Шагов за дверью они не слышали, а потому когда в замочной скважине провернулся ключ, Туманов вздрогнул. Дверь открылась, и Хворостов, прижимавшийся к ней спиной всё также с зажатыми ушами, повалился на порог к ногам Полунского.
— Не губите, доктор! Христом-богом прошу, не губите! — зачастил Хворостов, не делая попыток подняться, крестясь и хватая Полунского за ноги. — Голубчичек вы мой, отец родимый, не берите греха на душу, отпустите! Виноват, виноват, каюсь…
Полунский отошёл на два шага, посмотрел на показавшегося в проёме Туманова.
— И вы здесь, Андрей Венедиктович? Почему-то я совсем не удивлён. Что с вашим приятелем?
— Нам пришлось провести взаперти с покойником довольно долго. Михаил Аркадьевич переволновался.
Полунский присел перед Хворостовым, тот отполз от него на четвереньках, не в силах подняться и убежать, хотя желал именно этого.
— П-п-пощадите, родимый, спаситель вы мой, — снова затянул Хворостов, дрожащими руками доставая из-под сорочки нательный крест. Верёвка лопнула, крест со звоном приземлился у ног Полунского.
Туманов замер, со всем вниманием наблюдая за реакцией Полунского. Тот спокойно поднял крест, подал его Хворостову и встал.

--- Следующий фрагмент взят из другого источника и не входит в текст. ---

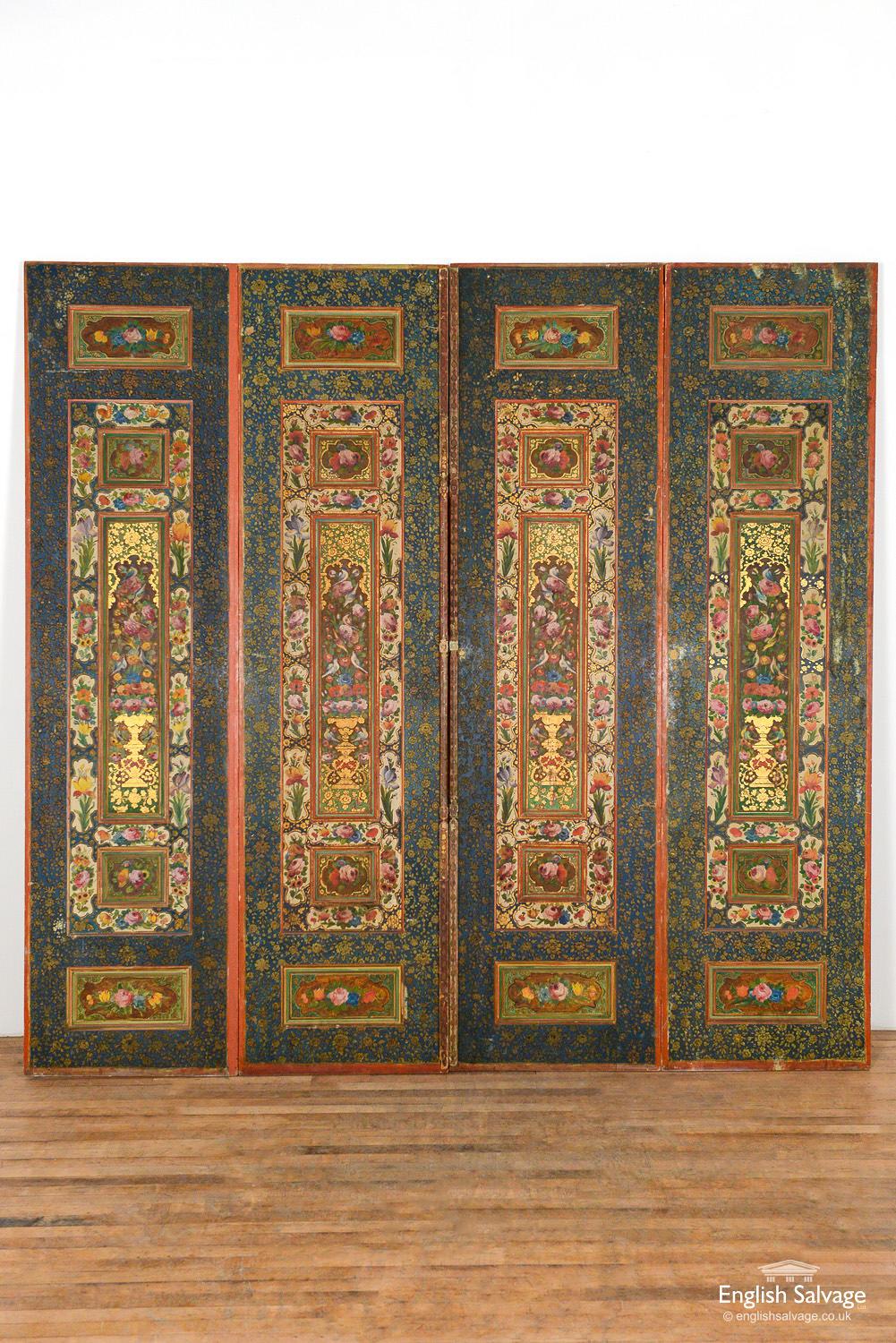 Monumental Qajar Polychrome Gilt Panels, 19th Century In Good Condition For Sale In London, GB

— Господин Туманов, проводите приятеля в комнату. Михаил Аркадьевич, идите, я вас скоро навещу.
— Но прежде вы должны объясниться, доктор, — сказал Туманов.
— Я третий раз за пару дней нахожу вас чёрт знает где, но объяснений вы хотите от меня? — Полунский усмехнулся.
— Там на столе лежит любимый тётушкин племянник… Не сказал бы, что кто-то всерьёз озаботился его пропажей, но согласитесь, доктор, делать вид, что мы его не заметили, глупо.
— А я не заметил, — сказал Хворостов. — Я, я никогошеньки не видел, ничегошеньки не знаю.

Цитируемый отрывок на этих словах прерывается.